Take the lines from the beginning of the data below through the line holding "NITECORE 5000MAH POWER" and return exactly those.
BEGIN Extracted entries
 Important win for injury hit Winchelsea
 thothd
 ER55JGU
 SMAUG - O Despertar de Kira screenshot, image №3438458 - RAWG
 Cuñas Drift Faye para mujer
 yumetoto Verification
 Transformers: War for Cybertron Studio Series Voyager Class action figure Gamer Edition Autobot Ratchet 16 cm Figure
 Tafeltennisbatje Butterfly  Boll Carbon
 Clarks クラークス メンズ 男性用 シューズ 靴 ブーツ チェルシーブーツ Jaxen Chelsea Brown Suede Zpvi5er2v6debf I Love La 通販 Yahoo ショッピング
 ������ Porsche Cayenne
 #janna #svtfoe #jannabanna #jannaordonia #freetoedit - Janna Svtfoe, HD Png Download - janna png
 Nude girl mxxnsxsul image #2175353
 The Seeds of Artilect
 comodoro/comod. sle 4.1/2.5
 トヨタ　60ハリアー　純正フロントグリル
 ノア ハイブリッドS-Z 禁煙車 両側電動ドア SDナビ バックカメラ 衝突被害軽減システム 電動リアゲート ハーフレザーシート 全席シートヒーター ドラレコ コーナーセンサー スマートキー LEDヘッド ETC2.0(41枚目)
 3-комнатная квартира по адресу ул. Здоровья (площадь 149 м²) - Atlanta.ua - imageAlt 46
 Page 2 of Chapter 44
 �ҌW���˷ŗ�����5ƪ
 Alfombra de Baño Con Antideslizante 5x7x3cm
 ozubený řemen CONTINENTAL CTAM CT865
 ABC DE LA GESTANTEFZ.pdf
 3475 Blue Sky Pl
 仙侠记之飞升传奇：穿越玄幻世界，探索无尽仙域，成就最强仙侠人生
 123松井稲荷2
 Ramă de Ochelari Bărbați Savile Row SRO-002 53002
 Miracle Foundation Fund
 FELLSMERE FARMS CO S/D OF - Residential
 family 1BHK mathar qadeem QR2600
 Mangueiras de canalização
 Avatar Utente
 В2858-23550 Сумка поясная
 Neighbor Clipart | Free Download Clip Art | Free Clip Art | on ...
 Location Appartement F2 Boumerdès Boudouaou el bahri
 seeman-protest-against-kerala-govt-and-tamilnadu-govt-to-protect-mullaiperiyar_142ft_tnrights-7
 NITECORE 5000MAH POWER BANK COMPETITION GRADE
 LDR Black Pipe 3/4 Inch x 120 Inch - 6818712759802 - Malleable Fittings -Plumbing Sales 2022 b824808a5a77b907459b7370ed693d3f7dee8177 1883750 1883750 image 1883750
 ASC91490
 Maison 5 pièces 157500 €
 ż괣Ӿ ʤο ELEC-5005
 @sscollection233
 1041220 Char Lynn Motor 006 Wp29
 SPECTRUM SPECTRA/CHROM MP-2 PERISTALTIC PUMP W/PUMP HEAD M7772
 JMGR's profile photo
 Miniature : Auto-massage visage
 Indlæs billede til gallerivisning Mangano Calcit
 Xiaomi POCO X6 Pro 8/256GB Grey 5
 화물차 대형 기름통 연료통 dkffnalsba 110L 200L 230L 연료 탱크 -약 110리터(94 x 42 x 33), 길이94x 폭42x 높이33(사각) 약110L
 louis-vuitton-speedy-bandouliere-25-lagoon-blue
END Extracted entries
→ Your response
 Important win for injury hit Winchelsea
 thothd
 ER55JGU
 SMAUG - O Despertar de Kira screenshot, image №3438458 - RAWG
 Cuñas Drift Faye para mujer
 yumetoto Verification
 Transformers: War for Cybertron Studio Series Voyager Class action figure Gamer Edition Autobot Ratchet 16 cm Figure
 Tafeltennisbatje Butterfly  Boll Carbon
 Clarks クラークス メンズ 男性用 シューズ 靴 ブーツ チェルシーブーツ Jaxen Chelsea Brown Suede Zpvi5er2v6debf I Love La 通販 Yahoo ショッピング
 ������ Porsche Cayenne
 #janna #svtfoe #jannabanna #jannaordonia #freetoedit - Janna Svtfoe, HD Png Download - janna png
 Nude girl mxxnsxsul image #2175353
 The Seeds of Artilect
 comodoro/comod. sle 4.1/2.5
 トヨタ　60ハリアー　純正フロントグリル
 ノア ハイブリッドS-Z 禁煙車 両側電動ドア SDナビ バックカメラ 衝突被害軽減システム 電動リアゲート ハーフレザーシート 全席シートヒーター ドラレコ コーナーセンサー スマートキー LEDヘッド ETC2.0(41枚目)
 3-комнатная квартира по адресу ул. Здоровья (площадь 149 м²) - Atlanta.ua - imageAlt 46
 Page 2 of Chapter 44
 �ҌW���˷ŗ�����5ƪ
 Alfombra de Baño Con Antideslizante 5x7x3cm
 ozubený řemen CONTINENTAL CTAM CT865
 ABC DE LA GESTANTEFZ.pdf
 3475 Blue Sky Pl
 仙侠记之飞升传奇：穿越玄幻世界，探索无尽仙域，成就最强仙侠人生
 123松井稲荷2
 Ramă de Ochelari Bărbați Savile Row SRO-002 53002
 Miracle Foundation Fund
 FELLSMERE FARMS CO S/D OF - Residential
 family 1BHK mathar qadeem QR2600
 Mangueiras de canalização
 Avatar Utente
 В2858-23550 Сумка поясная
 Neighbor Clipart | Free Download Clip Art | Free Clip Art | on ...
 Location Appartement F2 Boumerdès Boudouaou el bahri
 seeman-protest-against-kerala-govt-and-tamilnadu-govt-to-protect-mullaiperiyar_142ft_tnrights-7
 NITECORE 5000MAH POWER BANK COMPETITION GRADE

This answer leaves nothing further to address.